▶ **What you have to do**: Reproduce every record below word for word and include no pictures.

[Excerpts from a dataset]
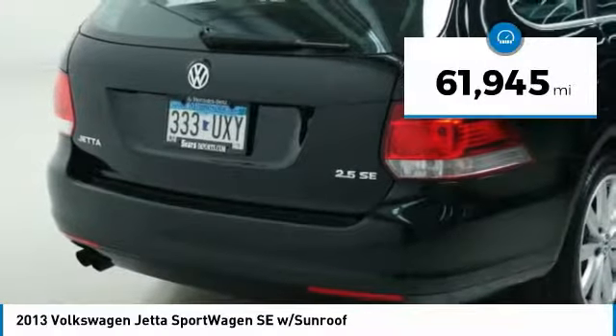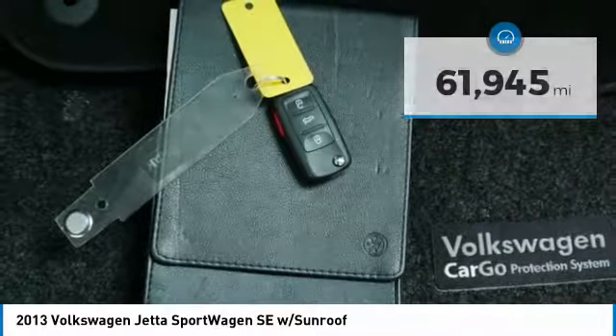This vehicle has less than 65,000 miles. Here are some of this vehicle's great options.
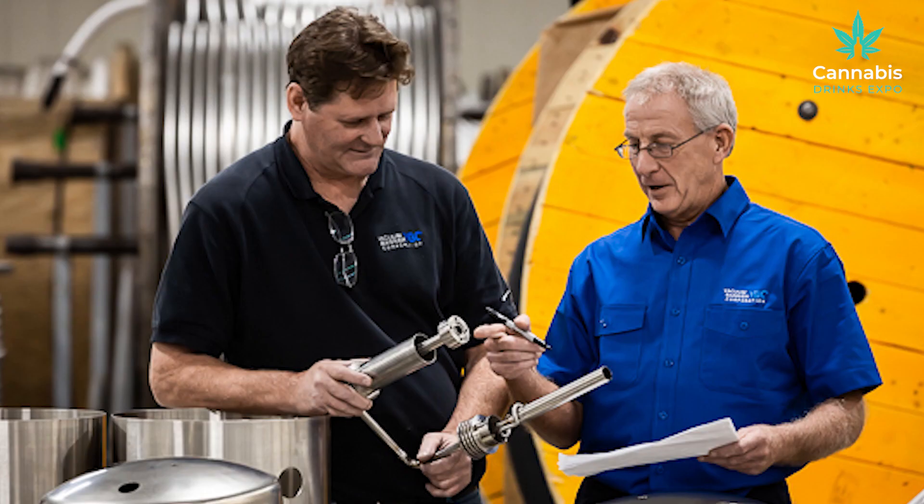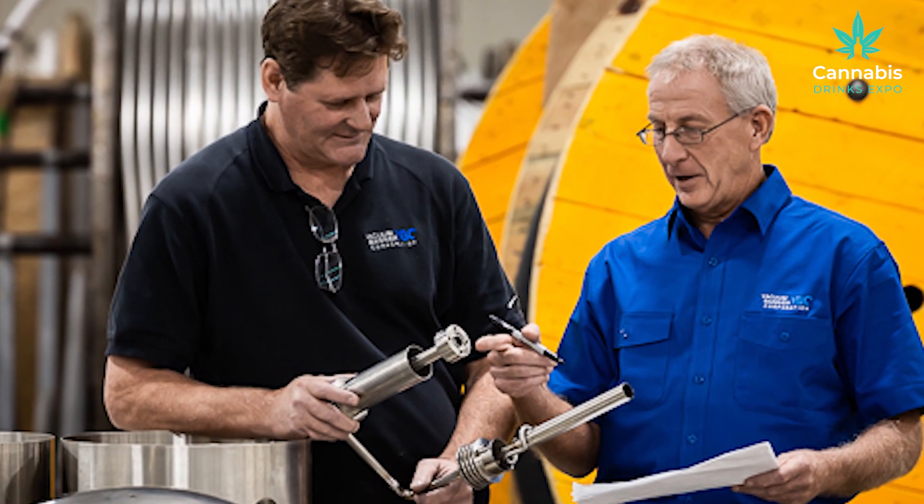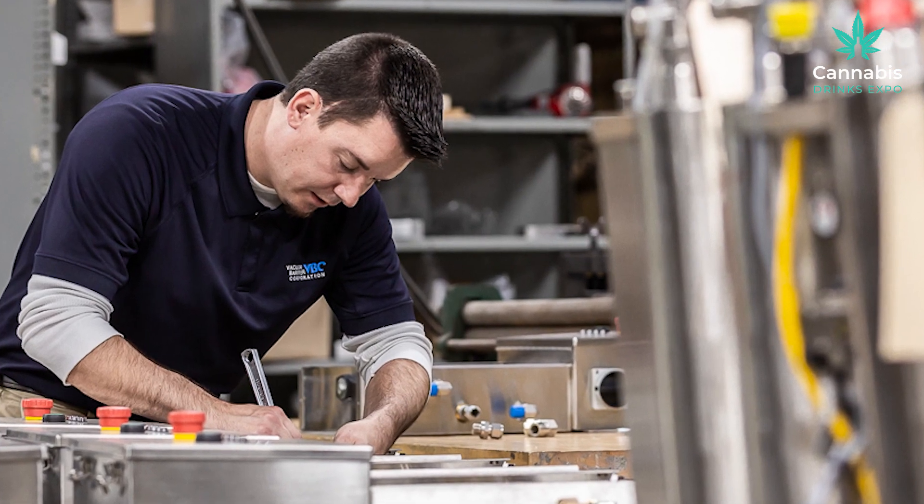As far as I know, we've gotten most of our inquiries from places where the market has been established a little bit longer — in terms of getting an operation up and running to the point where we can come in and help them be even more successful and grow even more. That's typically where we see growth in our business. But new states are popping up, and at some point they're going to get to that level as well, and that's where we want to be included in the process and help people grow and improve their production.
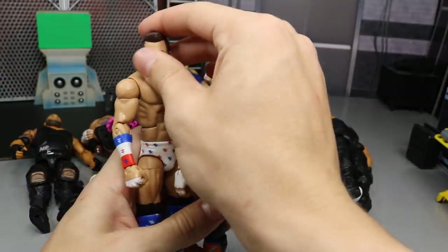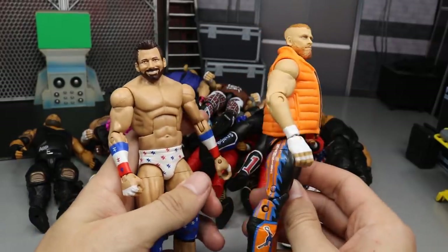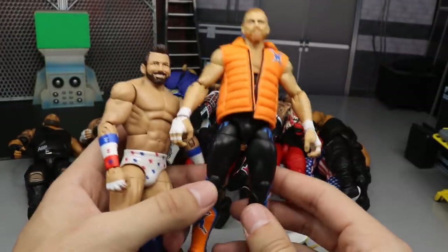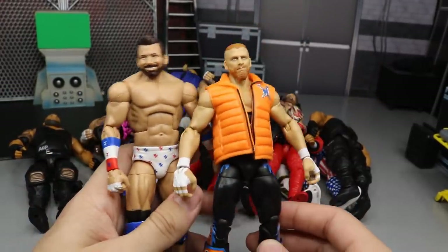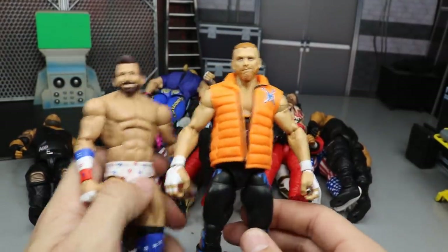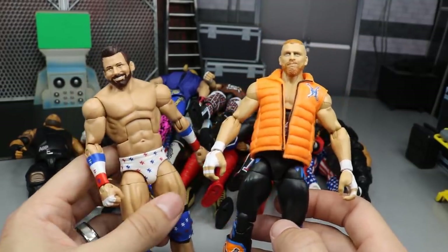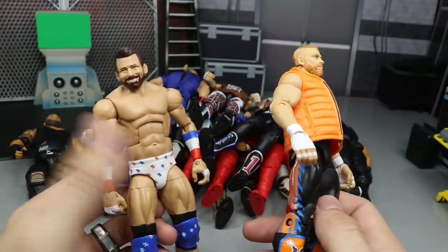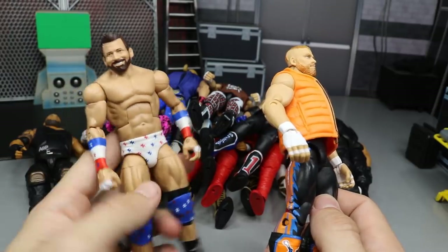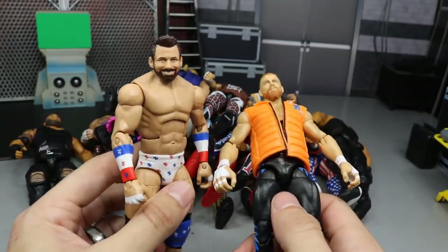Shout out to the Major Wrestling Figure Podcast — we have WWE figure buddies: the Elite 64 Kurt Hawkins chase variant in black and the Elite 59 Zack Ryder. I liked the black chase variant a little better than the blue version. The head scan and attire are pretty much perfect, accessories are perfect. Zack Ryder is the same way — fantastic job, even though I'd have preferred a different torso style. I did switch out the boots, but both of these guys had to be included.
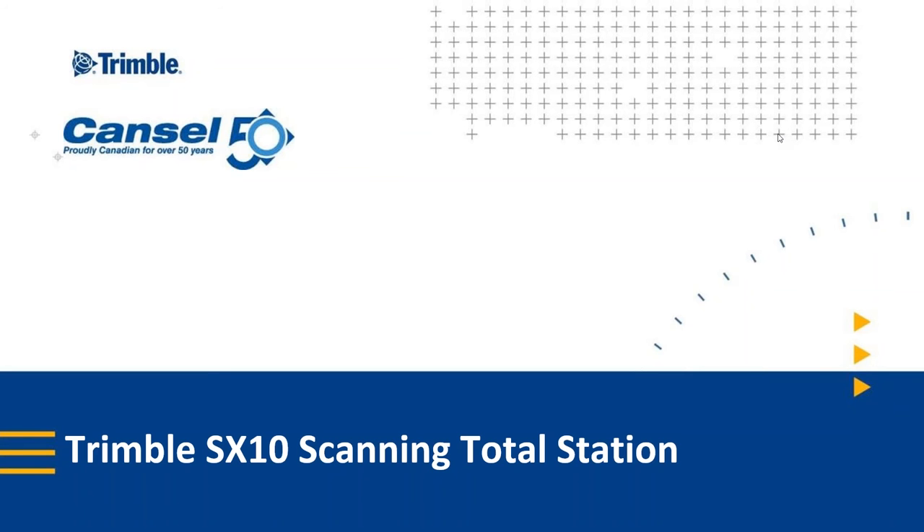Hello and welcome everyone. Thanks for taking the time out of your day to join us for this webinar. My name is Pat Hills, I'm the Segment Manager for Trimble Survey Business at Cancel. We're extremely pleased to introduce to you the Trimble SX10 scanning total station.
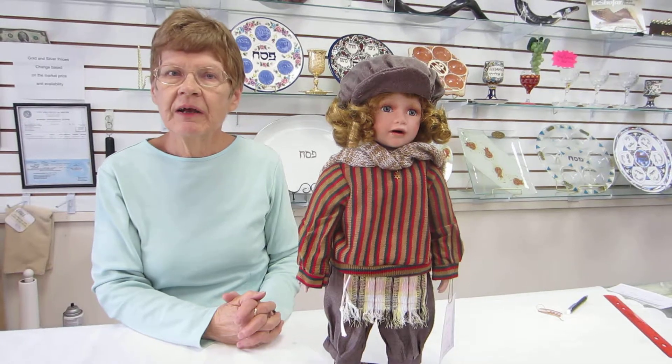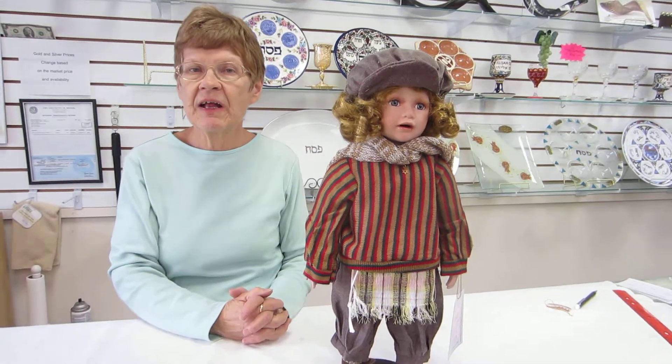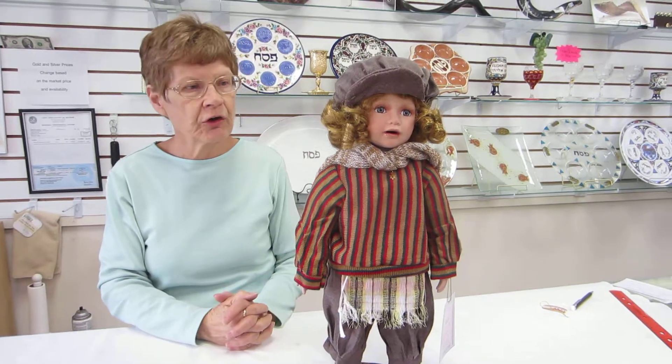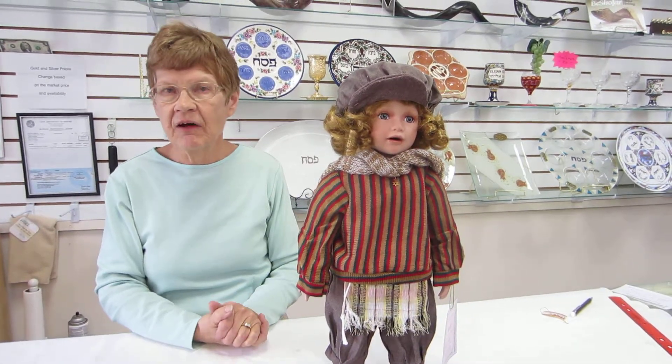Yosef is available at Aaron's Jewish Books and Judaica in the holy city of Denver, or please check the drop-down menu to order Yosef or any of the other Ellis Island dolls.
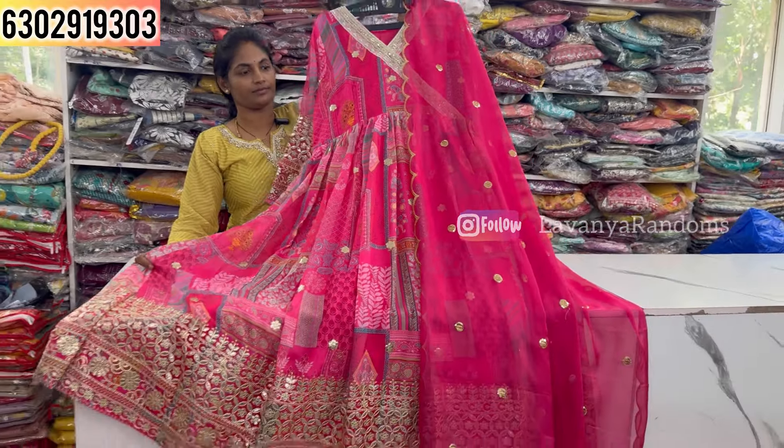Next is a two-piece concept with full digital print. Full sleeves are available and the down part also has full work. Priced at 2200, M to XL size available.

▶ **Output for this exercise**:
This vehicle has less than 65,000 miles. Here are some of this vehicle's great options.
As far as I know, we've gotten most of our inquiries from places where the market has been established a little bit longer — in terms of getting an operation up and running to the point where we can come in and help them be even more successful and grow even more. That's typically where we see growth in our business. But new states are popping up, and at some point they're going to get to that level as well, and that's where we want to be included in the process and help people grow and improve their production.
Shout out to the Major Wrestling Figure Podcast — we have WWE figure buddies: the Elite 64 Kurt Hawkins chase variant in black and the Elite 59 Zack Ryder. I liked the black chase variant a little better than the blue version. The head scan and attire are pretty much perfect, accessories are perfect. Zack Ryder is the same way — fantastic job, even though I'd have preferred a different torso style. I did switch out the boots, but both of these guys had to be included.
Hello and welcome everyone. Thanks for taking the time out of your day to join us for this webinar. My name is Pat Hills, I'm the Segment Manager for Trimble Survey Business at Cancel. We're extremely pleased to introduce to you the Trimble SX10 scanning total station.
Yosef is available at Aaron's Jewish Books and Judaica in the holy city of Denver, or please check the drop-down menu to order Yosef or any of the other Ellis Island dolls.
Next is a two-piece concept with full digital print. Full sleeves are available and the down part also has full work. Priced at 2200, M to XL size available.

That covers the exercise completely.